É incrível como o que se faz no passado pode refletir emocionalmente na vida de outra pessoa aleatória, nesse caso o próprio filho do casal que se conheceu no acampamento, eles não tiveram nenhum interesse em crescer financeiramente e nem pensaram no futuro, foram levando a vida como deu, não podemos também colocar toda a culpa nos dois, mas eles tiveram sim, uma grande porcentagem de irresponsabilidade, o que acabou deixando o filho deles com problemas de relação social, a outra parte da culpa vai para o filho que não aceita a condição em que vive, e pensa com cabeça de rico, como se ele fosse o único com problemas financeiros no mundo, como se nascer rico fosse uma escolha, essa falta de humildade da parte dele só o levou mais pra baixo ainda. Não encontrei nenhuma análise construtiva e produtiva pra encerrar esse texto, mas fica aqui com vocês leitores, uma historinha bem divertida, um abraço a todos, obrigado a quem leu.

2 comentários:

  1. a historia é muito boa, e o texto muito bem escrito! ficou bem legal, parabens. beijo Marfa

    ResponderExcluir
  2. Que bom poder ler algo com qualidade hoje em dia.

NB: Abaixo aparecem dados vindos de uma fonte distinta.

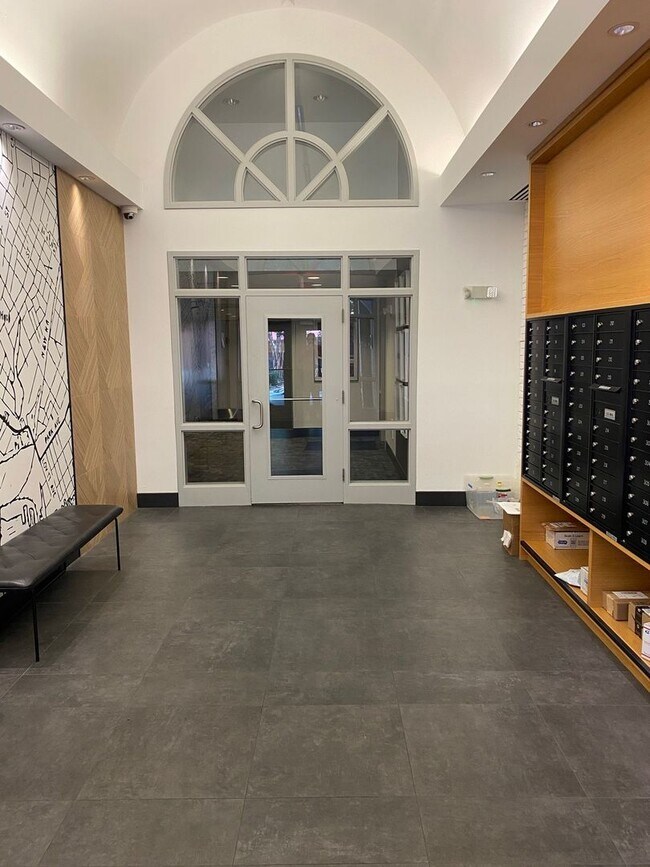 Experience the Best of City Living in Down... Condo Condo for Rent in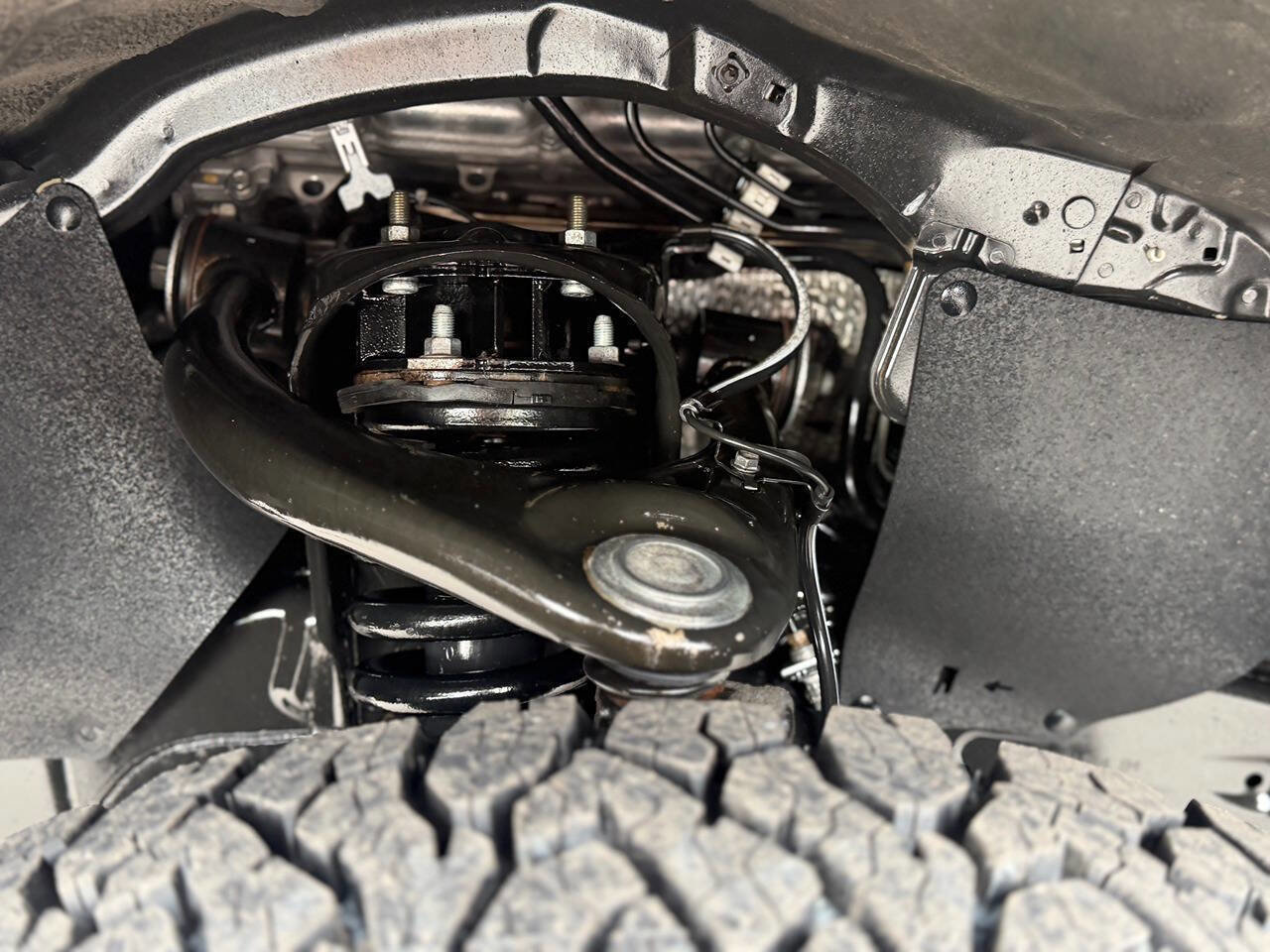 Used 2017 Toyota Tundra Limited w/ Limited Premium Package AWD/4WD image 61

Thales, acho que tu poderia investir nisso, tu escreves super bem.
    A tua crônica, sim podemos chamá-la assim, está bem elaborada, a ideia central é muito boa e se eu parar um pouquinho e viajar eu consigo ver isso como um prólogo de uma pequena história talvez, ou depedendendo do desenvolvimento, um livro substancial.

    Parabéns! E se eu puder te dar um conselho, não pára de escrever, tu tens talento.